Allons, dites la vérité, maintenant.
- Vous êtes un bougrement bon écrivain doublé d'un gentleman et d'un humaniste.
- Vous avez dit ça d'un ton un peu bizarre, Fritz. Ça paraissait un peu forcé. Versez-moi à boire, soyez gentil. Je parierais bien que du temps de Shakespeare, s'il y avait eu des prix, ils seraient allés à quelqu'un de médiocre ou même à une tante, comme Marlowe.
Harrison Smith prit soudain l'air docte.
- Marlowe n'était pas quelqu'un de médiocre. Une tante, oui, peut-être, mais sûrement pas quelqu'un de médiocre.
- Je ne dis pas que toutes les tantes soient médiocres, précisa Lewis. Je suppose qu'il y a eu des tas de tantes qui n'étaient pas médiocres.

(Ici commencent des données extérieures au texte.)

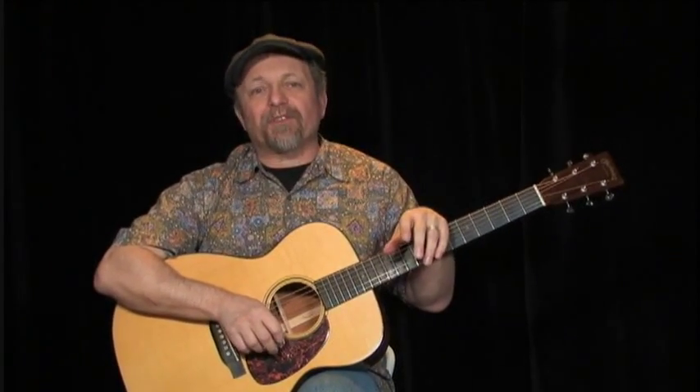Hi, I'm Toby Walker, and welcome to this edition of Homespun Tapes. This is going to be finger-picking Hank Williams songs.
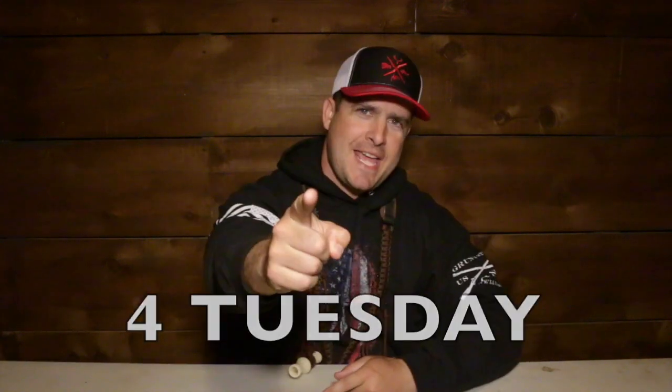Welcome back to another episode of Duck Hunting Tips for Tuesday. Thank you guys for joining me today.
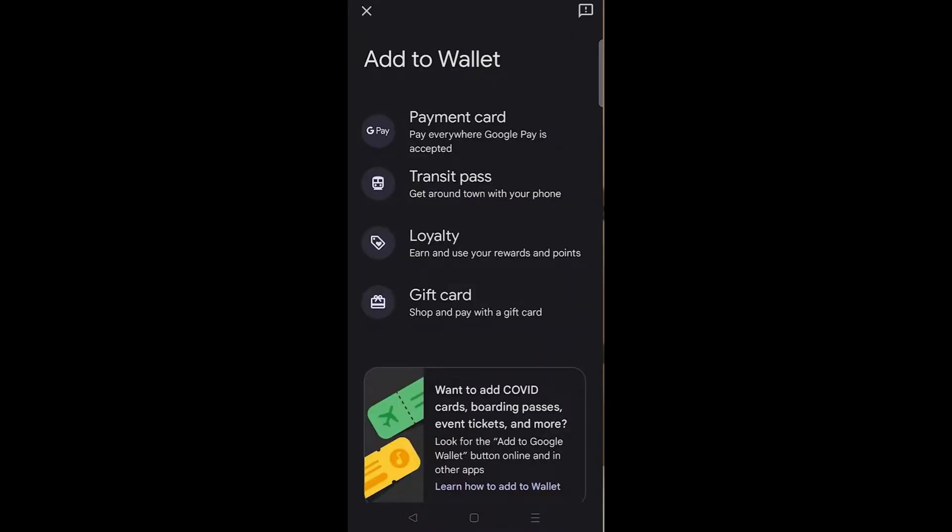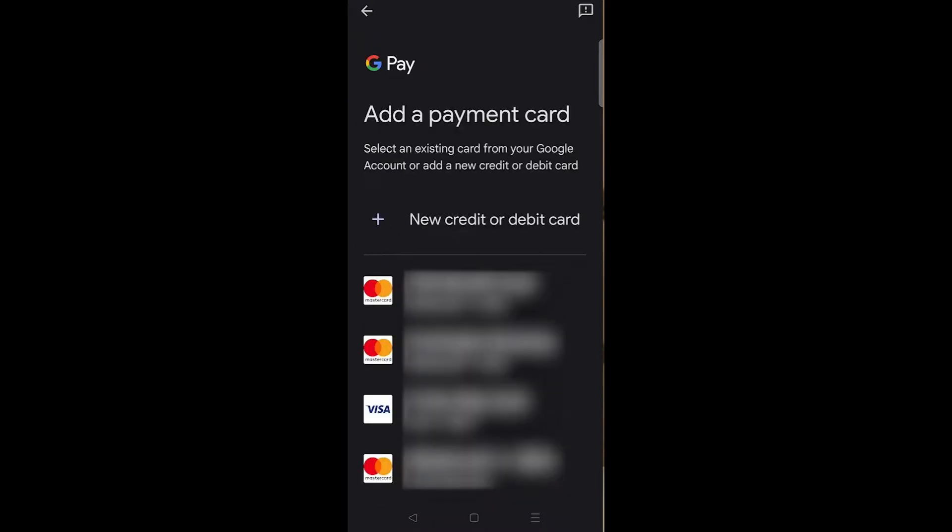Over here you can see you have some options to add different types of wallets. You can add a payment card, which is what we're looking for, but some other options include a transit pass, loyalty cards, and also gift cards. Let's go ahead and click on 'Payment Card'.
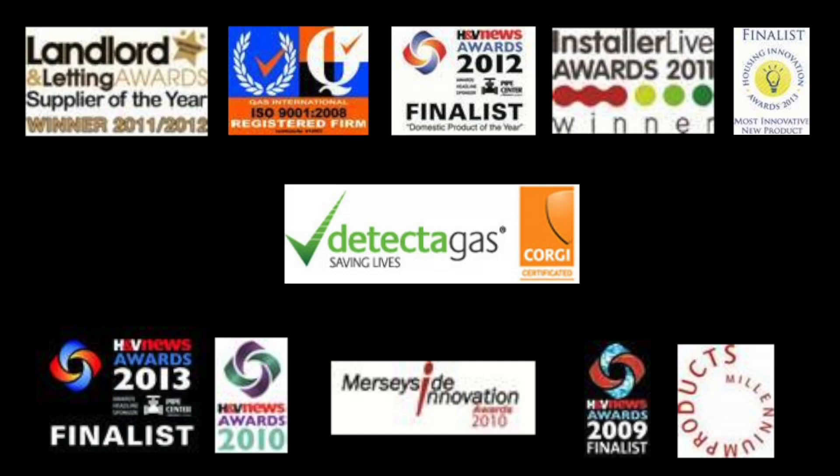These are a number of awards that have been granted to us by industry experts over the past 10 years.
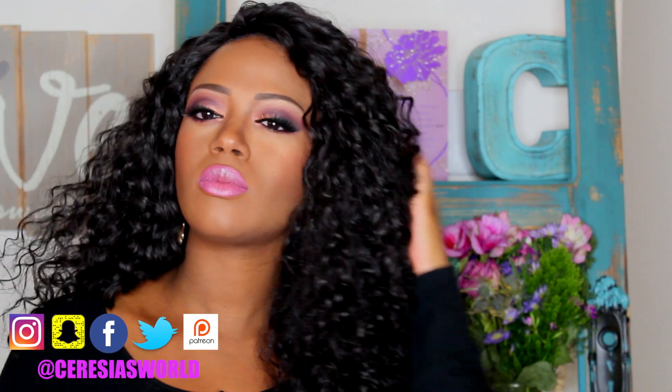Hi guys, welcome back to my channel. Today I wanted to do this purple Barbie makeup look, and I'm going to start with a fresh face.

- Il y avait Proust, dit Hal Smith.
- Et il y a Gide, dit Lewis avec délicatesse.
- Il y avait Léonard de Vinci.
- Et il y a Maugham, dit Lewis avec négligence. A propos, quelle différence y a-t-il entre une tante et un pédéraste ?
- Oscar Wilde était un authentique pédéraste, suggéra Smith avec ingéniosité. Henry James, en revanche, je le classerais parmi les tantes.
- Mon Dieu, plus on en apprend sur eux, plus on devient soupçonneux. Il y a des moments, dit sombrement Lewis, où on a l'impression qu'ils étaient tous une bande de suceurs de queues.
- Tu n'as jamais rien dit de plus vrai, Red, fit lugubrement Smith.
Je parierais que si on connaissait le dessous des cartes, mêmes Shakespeare serait une tante. Toutes ces balivernes au sujet d'Anne Hathaway n'étaient qu'un camouflage. Je parie qu'Anne Hathaway, c'était en réalité un taureau mugissant.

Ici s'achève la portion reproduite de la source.